In the USA- 2nd from left

With the occupation of Lithuania by the Red Army in 1940, he faced further persecution. In December of 1946, he was arrested and imprisoned in the notorious Vladimir Prison and later exiled in Mordovia. He was eventually released in 1956 but was not allowed to resume his duties or even to return to his own diocese. He took up residence in Birštonas.

In 1957, he secretly consecrated Vincentas Sladkevičius bishop. For this “transgression,” the Soviets further exiled him to the town of Šeduva.

Pope  (St.) John XXIII bestowed the title of  Archbishop to Teofilius Matulionis in 1962 and also extended to him an invitation to attend the Second Vatican Council. That same year, after a police raid of his apartment, Archbishop Matulionis died under suspicious circumstances. His remains were exhumed in 1999 and tests confirmed that he had been poisoned with a lethal injection.

 1895 (right)- with brother 
On December 1, 2016, Pope Francis declared that Archbishop Matulionis had died “in odium fidei” (in hatred of the faith) and thus approved the process of his beatification, allowing it to proceed. The miracle required for beatification is waived in cases of martyrdom, since martyrdom itself is deemed to be a miracle of grace.

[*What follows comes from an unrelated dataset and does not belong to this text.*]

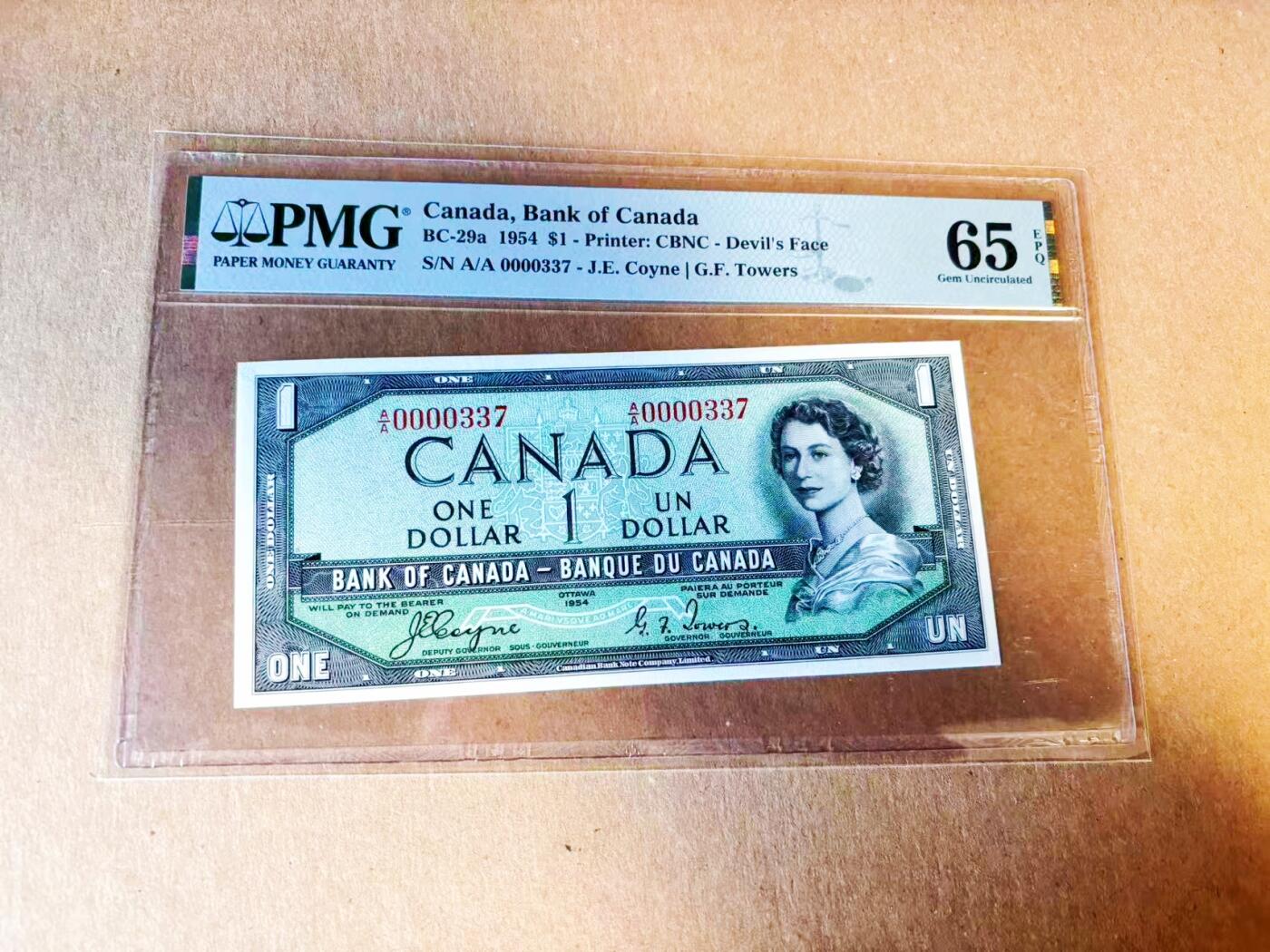 【Blue Auction】世界纸币精拍第779期——18级TOP拍卖/信誉/品质/专业/高效💫 【魔鬼脸 A/A首发冠 百位小号】加拿大1954年1元 PMG65EPQ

Bl. Teofilius  is characterized by his especial loyalty to the Church. Although he  constantly faced  persecution, he never compromised his faith. He trusted in God and persisted in following God’s will, regardless of  the circumstances in which he was placed – prison, concentration camps, exile, his home diocese or abroad. He was a living example of the Christian faith for everyone.

In an April 13 pastoral message, the Lithuanian bishops' conference said Archbishop Matulionis had "lived the Easter message" and that he had consistently shown "peace, confidence and goodness," even to his persecutors.

The Prisoner

Archbishop Grusas said the martyred prelate had "offered up his sufferings for the conversion of Russia," while also "moving the church forward" by instructing clergy to remain with their flock even if it meant persecution and exile.  He suggested that Archbishop Matulionis invitation from the pope to attend Vatican II appeared to have been the "last straw" for Lithuania's Soviet rulers.

The last Lithuanian to be beatified, Bishop Jerzy Matulewicz-Matulaitis, who lived from 1871 to 1927 and was the founder of the Sisters of the Immaculate Conception, was declared blessed in Rome by St. John Paul II in 1987.

The church also is seeking the beatification of Bishop Vincentas Borisevicius, who was shot in 1946 for alleged links with underground fighters, and Archbishop Mecislovas Reinys who died in a Russian prison in 1953.

With Children 

Archbishop Grusas said, however, that beatifications had been delayed by a lack of canonically trained experts in the Lithuanian church following Soviet rule. He said with recent funding and technical support he hoped the cases of other martyrs could be brought forward.

"We're dealing with recent history, but as we rebuild our church, we're gaining the resources and expertise we need.”